Romantic art appeared as a reaction against the unemotional art of the neoclassical movement, of which Jacques-Louis David was one of the greatest. The strict and structured neoclassical movement reacted against the flowery and decorative art of the Baroque and sought to mimic the great classical styles of Greece and Rome. The Romantic artists did away with conventional standards and painted passionate, stirring works on a variety of subjects.

Would You Believe?

Delacroix is believed in some circles to have been the illegitimate son of French minister Charles Talleyrand.

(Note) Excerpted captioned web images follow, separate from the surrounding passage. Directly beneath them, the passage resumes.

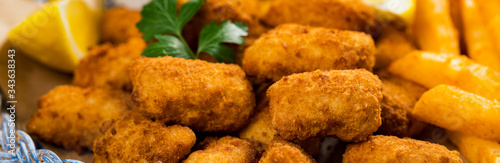 Crispy Fish Bites Snack Size. Deep Fried Pollock Fish Fingers with Tartar Dipping Sauce. Selective focus. photo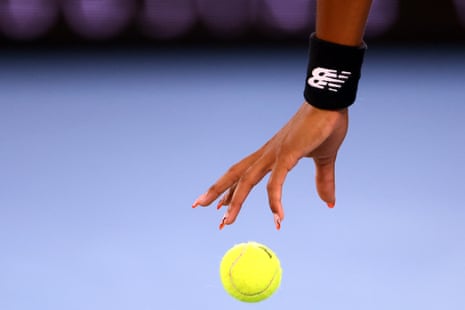 Coco Gauff's hand as she prepares to serve to Emma Raducanu.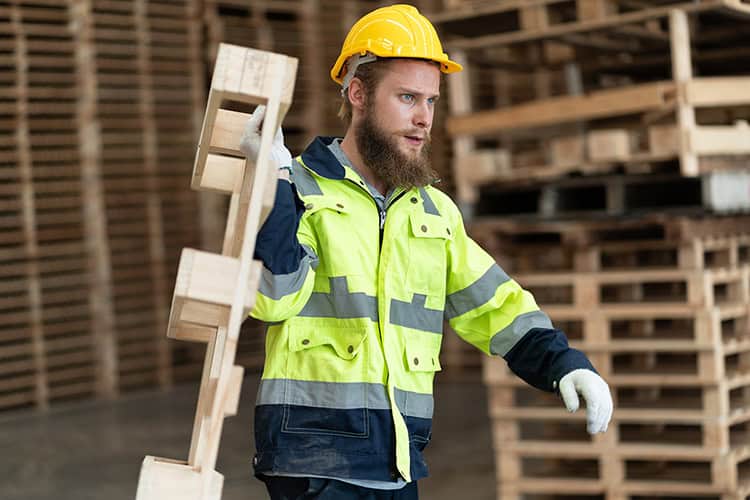 Utility worker in safety gear carrying wooden pallet in warehouse.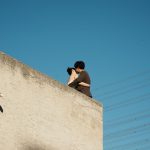 Casal se abraça em um terraço sob o céu azul.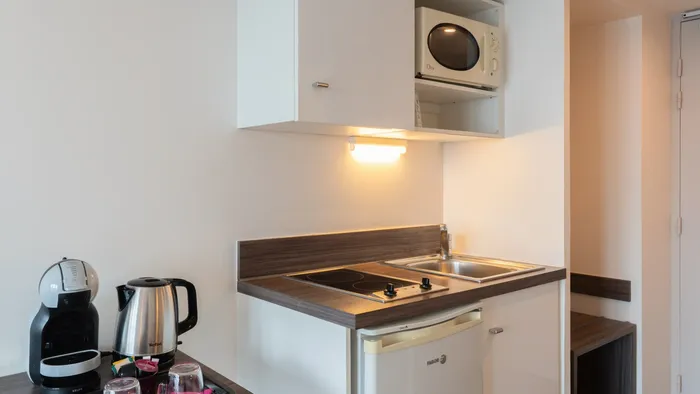 Compact kitchen with microwave, mini fridge, and coffee maker at Appart’Hôtel Hévéa.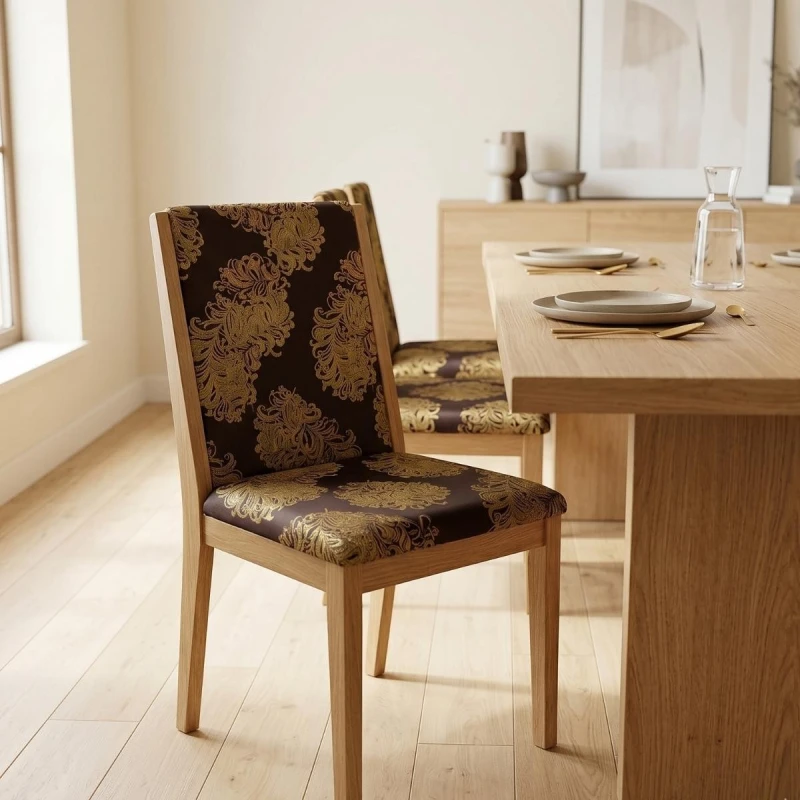 Ekskluzywny materiał obiciowy Diva z bogatym, błyszczącym złotym ornamentem na ciemnym tle aranżacja krzesło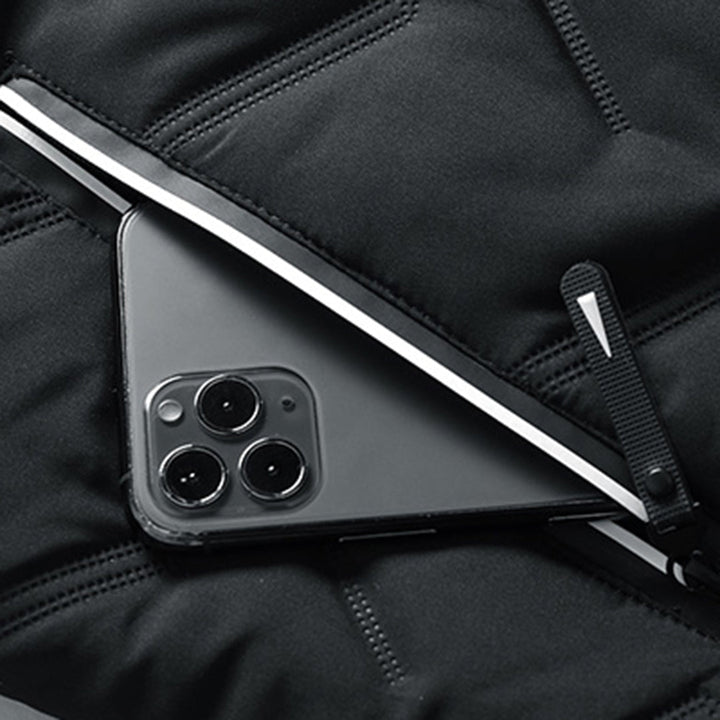 Close-up of a black quilted men's jacket featuring a secure zip pocket holding a smartphone.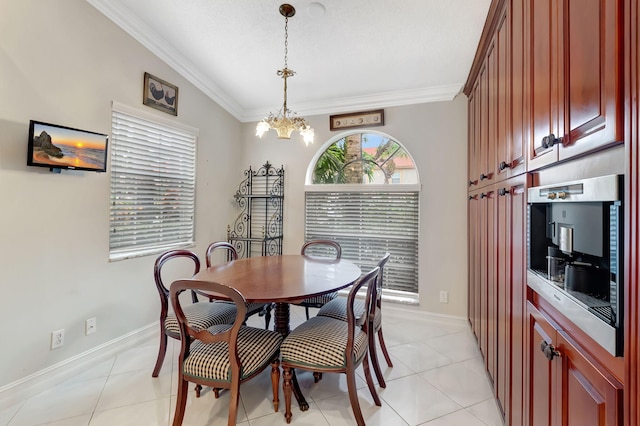 tiled dining area with vaulted ceiling, an inviting chandelier, and ornamental molding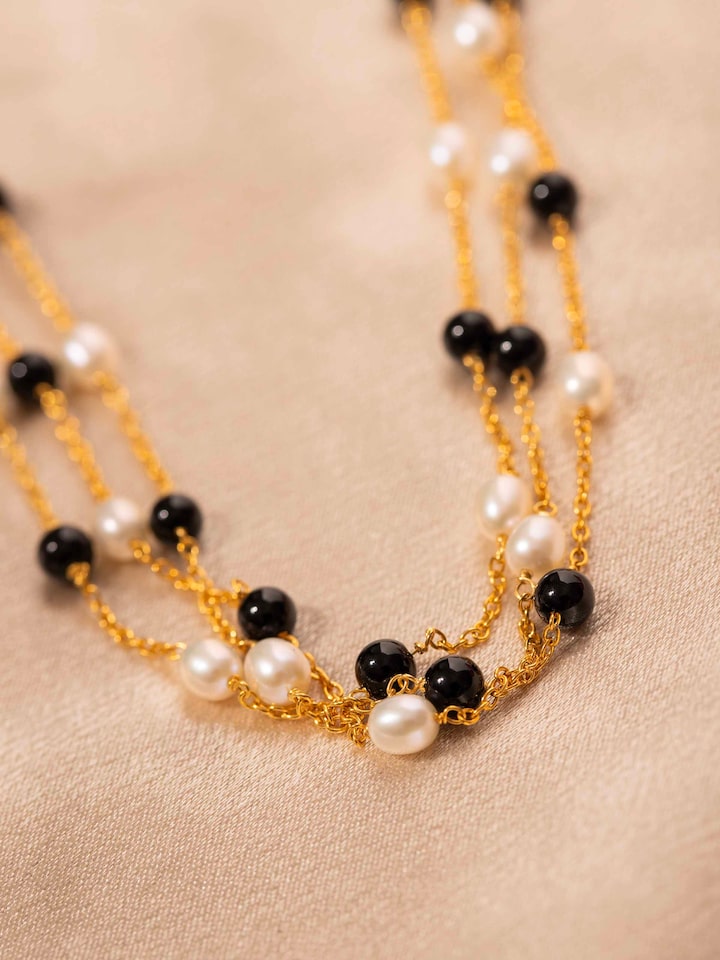 Detail view of Gemstone Strings Silver Long Necklace highlighting the stone setting and metalwork detail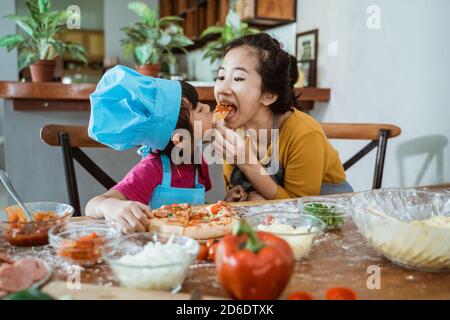 Mutter und Tochter sitzen in der Küche, essen Pizza und Spaß haben Stockfoto
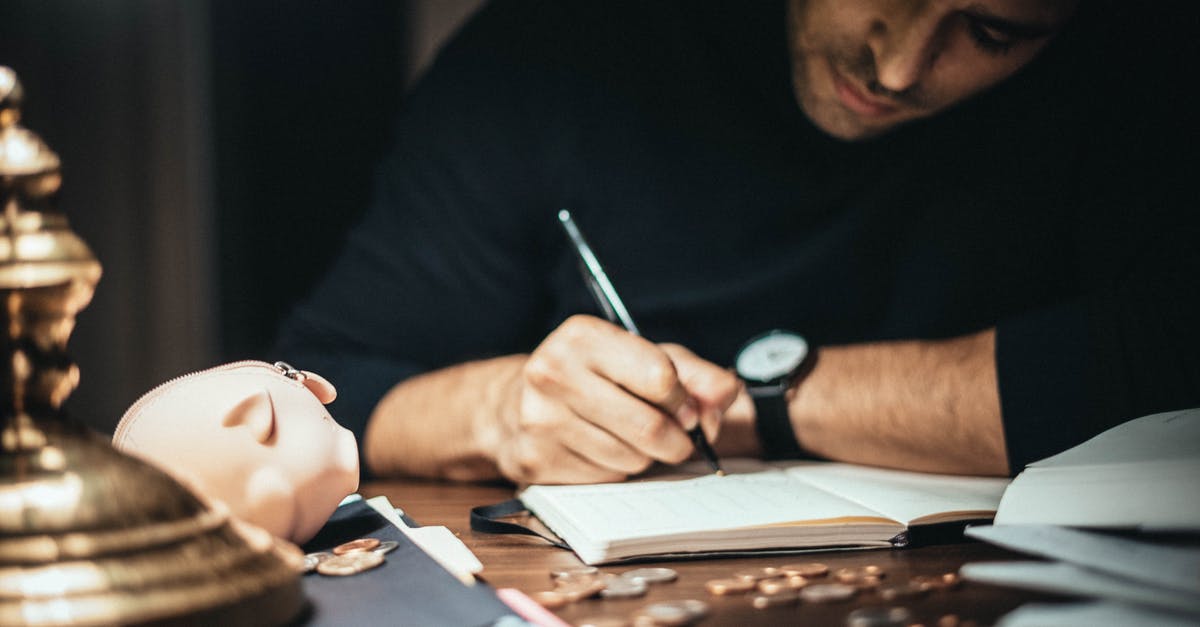 How to Calculate Scoville Heat? - Crop elegant man taking notes in journal while working at desk with coins and piggybank in lamplight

Two of the most prominent of all Romantic painters, both English, painted the same subject but in markedly different ways. J.M.W. Turner (1775-1851) and John Constable (1776-1837) were fascinated by nature. Turner painted tempestuous, stormy, and wild natural scenes. Constable, on the other hand, painted peaceful landscapes depicting farmers, cottages, and other serene scenes. In France, Eugene Delacroix (1798-1863) and Theodore Gericault (1791-1824) painted drastically different scenes from their British counterparts. Delacroix painted scenes of the exotic but his most famous painting remains a political one. His Liberty Leading the People (1830) celebrated the French Revolution of 1830 and depicted the passion and emotion of such an uprising. Gericault, who painted during the last years of Napoleon, found his greatest inspiration in human stress and suffering. His seminal work, Raft of the Medusa (1819), depicts the languishing survivors of a shipwreck floating on a raft with the majestic sea and sky as a background.

Would You Believe?

Liszt was a great humanitarian. He often taught lessons for free and he bestowed generous amounts of money on orphanages and disaster relief funds.

The Romantic musical period followed the classical music period and reacted strongly against that period of music. The classical music period featured structure and traditional stylings. The Romantic musicians, though, worked hard to separate themselves from the classical style. Beginning with the great Ludwig von Beethoven (1770-1827), Romantic musicians sought to stir the emotions and take listeners on an emotional journey. Beethoven, and later Richard Wagner (1813-1833), used chords as no composers had before and placed new emphasis on musical themes. One of the most popular of the Romantic musicians was Franz Liszt (1811-1886), one of the greatest pianists of all time. Liszt enjoyed enormous popularity and produced volumes of musical pieces.

The Least You Need to Know

Britain was the birthplace of the Industrial Revolution. The cottage industry grew in Britain and, later, Britain had plenty of natural resources, a surplus of labor, markets in the colonies, and freedom from interruptive war on British soil.

As early manufacturing grew, looms and mills were moved to larger locations and became factories. The factories, in theory, threatened the jobs of many hand weavers and other artisans so the Luddites attacked hundreds of factories in protest.

The railroads transformed all of Europe by making transportation of goods and people faster. Those who invested in the railroads made fortunes.

As the Industrial Revolution attracted millions of workers to the cities of Europe, the cities overflowed with people. The result was filthy cities where cholera ran rampant.

Europe’s leaders eventually tackled the poor conditions in the cities with knowledge of the germ theory and with plans for new sewer systems, wider streets, and aqueducts.

Romanticism contrasted greatly with the rationalistic Enlightenment. Romanticism emphasized individuality, emotions, passion, and beauty.